From “Flying Bishop” to the Catholic Personal Ordinariate
The Right Reverend Andrew Burnham, bishop of Ebbsfleet, is one of the four English Anglo-Catholic bishops who expressed their intention to leave the Church of England and join the Catholic Church in the Personal Ordinariate that Pope Benedict XVI established in 2009 with the constitution Anglicanorum Coetibus.
Bishop Burnham is one of the so-called “flying bishops”, officially named Personal Episcopal Visitors, whose task is to take care of parishes and individuals who do not accept the ordination of women priests. He is exercising his functions of PEV in the diocese of Canterbury, the same of the Right Reverend Edwin Barnes, bishop emeritus of Richborough, who was also interviewed by ilsussidiario.net.
You have always been a member of the Anglo-Catholic movement. Could you describe the stance of this movement within the Church of England?
For much of the twentieth century, the Anglo-Catholic Group was the largest party in the Church of England. In liturgy and spirituality it was very close to the Catholic Church. In ecclesiology it was more like the Orthodox (no pope and bishops are all equal). Since the beginning of the ARCIC (the Anglican-Roman Catholic International Commission) conversations a generation ago, Anglo-Catholicism has shrunk, Evangelicals have increased. Modern Anglo-Catholics are much more likely to look to Rome and many use the Roman Missal.
What were the decisive factors that led you to decide to enter into full communion with the Catholic Church?
ARCIC has been the method of working towards unity of Anglicans with Catholics and actual contacts between the two have been very fruitful at local levels. The campaign to ordain women priests in the early nineties and now women bishops, together with tensions in the Anglican Communion over gay partnerships, have meant that the two churches are drifting apart. It was because of this that some bishops approached Rome, two of us in April 2008.
What role did the Anglicanorum Coetibus, Pope Benedict XVI’s visit to England, and the beatification of Cardinal Newman play in your decision?
Having approached Rome, we were assured of a listening ear and when Anglicanorum Coetibus came out in November 2009 it was a response to us which we felt we must accept. The Pope’s visit, the beatification of Cardinal Newman, all added to the sense of this being the right time to move into the new Ordinariate structure.
The Anglo-Catholic beliefs coincide almost exactly with those of the Catholic Church. What does following the Pope and the belief in his infallibility add to this?

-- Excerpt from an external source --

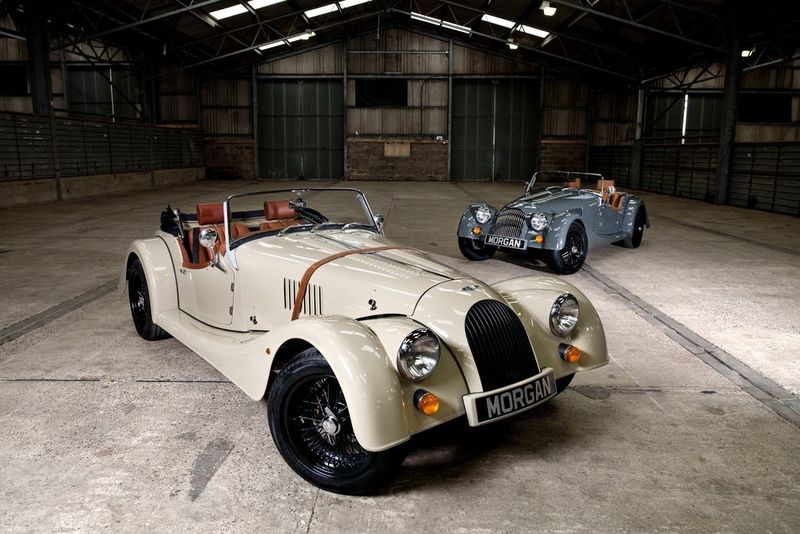 Auch der Sechszylinder des Modells Roadster stammt von Ford und entwickelt 280 PS unter der lang gestreckten Motorhaube. (Morgan)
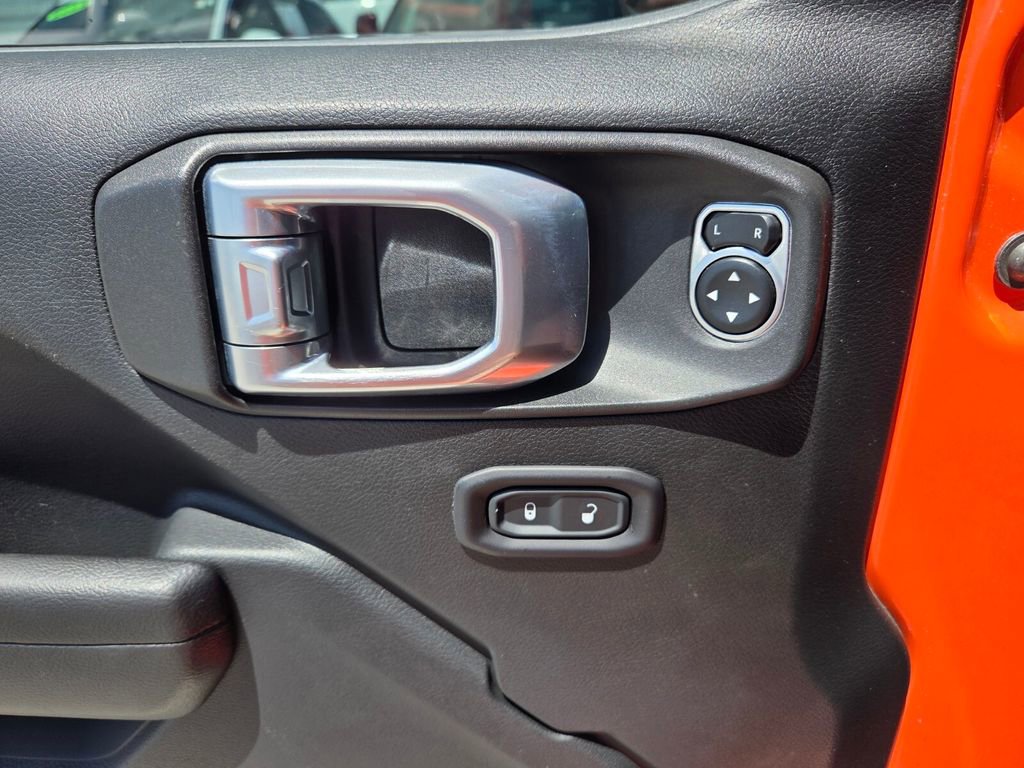 Used 2018 Jeep Wrangler Unlimited Sport S AWD/4WD image 20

Papal infallibility is not easy for Anglo-Catholics to understand but there is real progress in understanding what role the ordinary and the extraordinary magisterium play in the Catholic Church.
What situation is the Church of England in now? What facts and experiences make it alive and incisive in the lives of those in England, and what factors risk putting it in crisis?
I think the Church of England is not really in crisis but it is changing fast. It is staffed by more and more unpaid volunteer priests, many of whom are in second careers or retirement. There is less awareness nowadays of the history, doctrine and spiritual traditions of classical Anglicanism. There is a significant rise in Alpha-style Evangelicalism. This adds to the feeling of change.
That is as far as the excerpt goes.